Make sure the route does not match the except list in config/simplestats-client.php.

Always use middleware groups, not per-route attachment

The middleware does more than tracking the initial visit: it also sets the visitor context that later events (registration, login, payment) rely on for attribution. If you attach the middleware only to a single init route, every other route loses the context and attribution data gets dropped silently. Always register via middleware_groups, so every relevant request sets the context.

Cache requirements

Attribution lives in Laravel's Cache for the day. Behind multiple replicas, the cache must be shared across instances, e.g. via redis (recommended) or memcached. The file driver only works on a single host. The array driver is in-memory per request and cannot persist anything, so it is not usable for tracking storage.

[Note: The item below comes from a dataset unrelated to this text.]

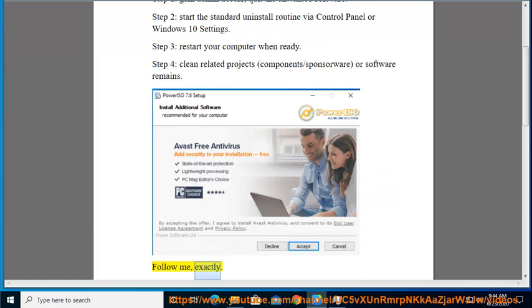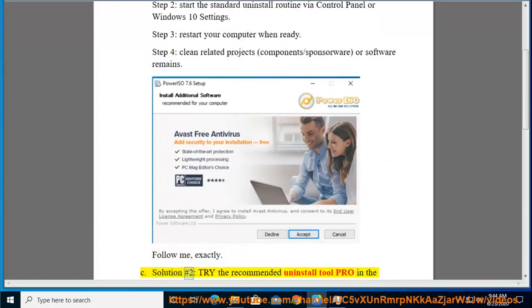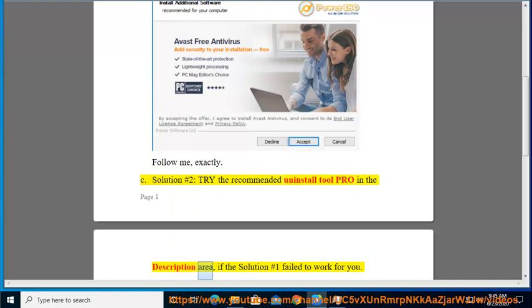Follow me exactly. See Solution number 2: Try the recommended uninstall tool PRO in the description area if Solution number 1 failed to work for you.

Keep in mind that clearing the cache (for example via php artisan cache:clear on deploy) drops in-flight visitor attribution for the day. Consider clearing more selectively if you need to wipe cache regularly.

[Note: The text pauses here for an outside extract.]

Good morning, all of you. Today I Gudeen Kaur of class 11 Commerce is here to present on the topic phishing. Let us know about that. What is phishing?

Precision on mobile networks

The cache driver identifies the visitor by the visitor hash, which is derived from IP + User-Agent + day. When a mobile user switches between WiFi and 4G, the IP changes, so the visitor hash changes, and the same person can be counted as two visitors for the day.

In practice, this is mostly a visitor-count issue. Logins and payments stay accurate because they are linked to a user ID, and the user's UTM attribution is captured once at registration and re-used from there.

The one case where it matters is a network switch between the initial landing page and the registration itself: if the IP changes in that window, the registration is recorded without UTMs and any later payments inherit that. In typical funnels the switch is rare (users tend to finish signing up on the network they started on), but it is a real edge of the precision/consent trade-off and worth knowing about.

This is the same trade-off that privacy-first tools like Plausible and Fathom make: they accept a small amount of over-counting in exchange for staying cookie- and consent-free. Persisting a visitor identifier on the user's device (in localStorage or a cookie) would fall under the ePrivacy directive in the EU and require an explicit consent banner, which defeats the purpose of server-side tracking.